Одним из них был студент Краковского университета, изучавший историю искусств Петр Скрынецкий — острослов, худший в истории Польши кадет. Он веселил нас рассказами о своем непрерывном сражении с военными ведомствами. Один день в неделю студенты университета обязаны были посвящать военной подготовке, а летом ездить в лагеря. Петр добился того, что ему поставили диагноз «физическое отвращение к стрелковому оружию». В конце концов его освободили от военного дела, когда в лагере он взобрался на дерево и отказывался спускаться, пока его не отправят домой. «Отвращение» Петра вполне можно было понять, если учесть, что его отца, полковника польской армии, схватили и расстреляли после вторжения русских в Польшу в 1939 году по условиям германо-советского пакта.
Нас привлекало все, что выходило за рамки обыденности. К примеру, нас потрясла оригинальность постановок Бертольта Брехта.

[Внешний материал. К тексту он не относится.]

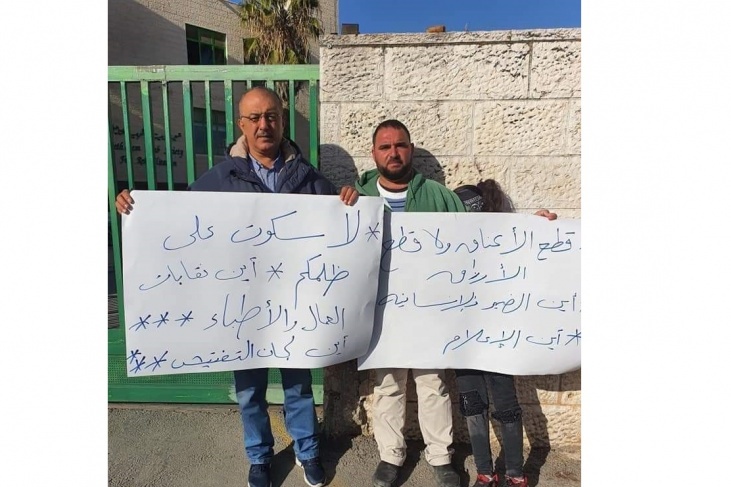نقابة المحامين تستجيب لمناشدة المواطن عزام جواريش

К этому времени мы распрощались с внешностью «фазанов», но не с их повадками. Когда нам не удалось достать билеты на выступление Пекинской оперы, мы взобрались в верхнее фойе театра по водосточной трубе. Билетеры нас заметили и привели к легендарному директору театра Людвику Сольскому, которому тогда было уже за девяносто. Несмотря на свою грозную репутацию, к нам он отнесся на удивление снисходительно. «Раз уж они рисковали головой, они заслуживают того, чтобы посмотреть спектакль», — постановил он и уступил нам свою личную ложу.
[...] С наступлением зимы я снова занялся лыжами. Однажды во время соревнований по горнолыжному спорту среди женщин я стал свидетелем несчастного случая. Кика Леличинска, на которую Польша возлагала большие надежды на Олимпийских играх, врезалась в дерево и сломала позвоночник. Тренер решил сам доставить ее в больницу, но по пути потерял управление, и его тобоган, к корому была привязана Кика, помчался вниз, ударяясь о деревья. Девушка получила новые переломы и порвала селезенку.

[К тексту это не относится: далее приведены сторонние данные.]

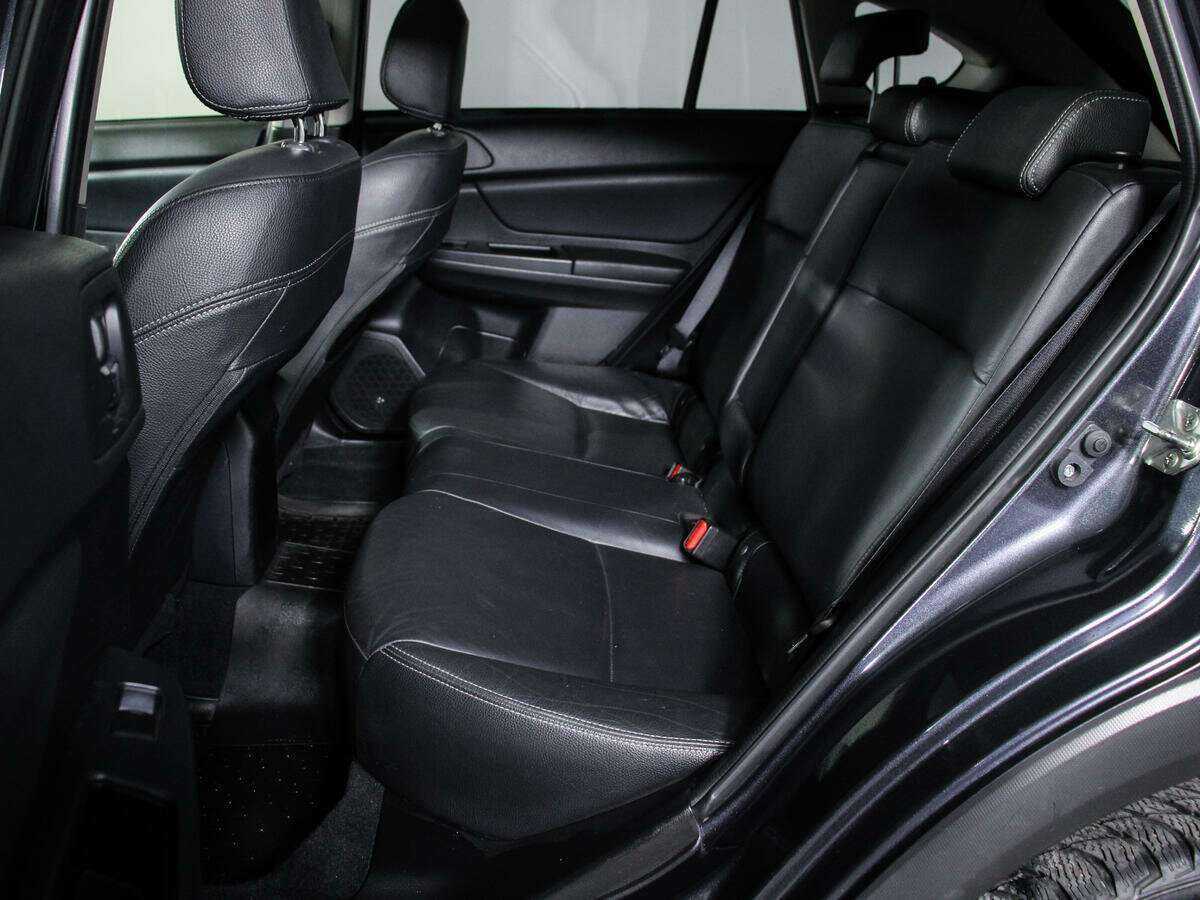 Продажа Б/У Субару ИксВи. Фото: #8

Несколько месяцев она провела в больнице и больше уже никогда не выступала на соревнованиях. Оказалось, что она учится в Академии искусств на скульптора, а ее хобби — реставрация старых картин. Кика стала моей подружкой. У нас с ней был одинаковый подход к проблеме личной свободы: она не видела ничего плохого в том, чтобы у каждого время oт времени возникала интрижка. Вынужденная моногамия вызывает подсознательное чувство протеста и разрушает чувство.
Два-три месяца ушли у меня на съемки фильма «Заколдованный велосипед». Я понял, что этот процесс может быть не только наслаждением, но и адом. Отнюдь не все режиссеры похожи на Вайду.

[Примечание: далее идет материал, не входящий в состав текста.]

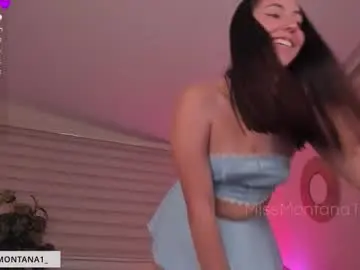 Chaturbate Adult Webcams of missmontana1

Теперь мечта о Лодзинской киношколе уже не казалось несбыточной.
После собеседования с дамой-профессором, сократившей число претендентов от нескольких сот человек до восьмидесяти-девяноста, нас с Зубрыским вызвали в Лодзь на экзамены. Поскольку школу я посещал нерегулярно, то на письменных экзаменах по марксизму-ленинизму и истории рабочего движения получил плохие оценки. Зато мой сценический и экранный опыт и учеба в Школе изящных искусств давали мне явное преимущество в других отношениях. Когда речь зашла об истории искусства, я был в своей стихии, равно как и при написании короткого сценария и разработке сцен, которые должны были играть другие абитуриенты.
Экзамены тянулись бесконечно.
Когда все кончилось, я увидел свое имя и имя Зубрыского в списках принятых на режиссерский факультет. Отец пришел в восторг, когда я по телефону сообщил ему эту новость. Впервые в жизни я оправдал его надежды.
ГЛАВА 10
Лодзь настолько неинтересна, что эйфория по поводу принятия в Киношколу, сменилась сомнением — а смогу ли я протянуть в этом городе пять лет?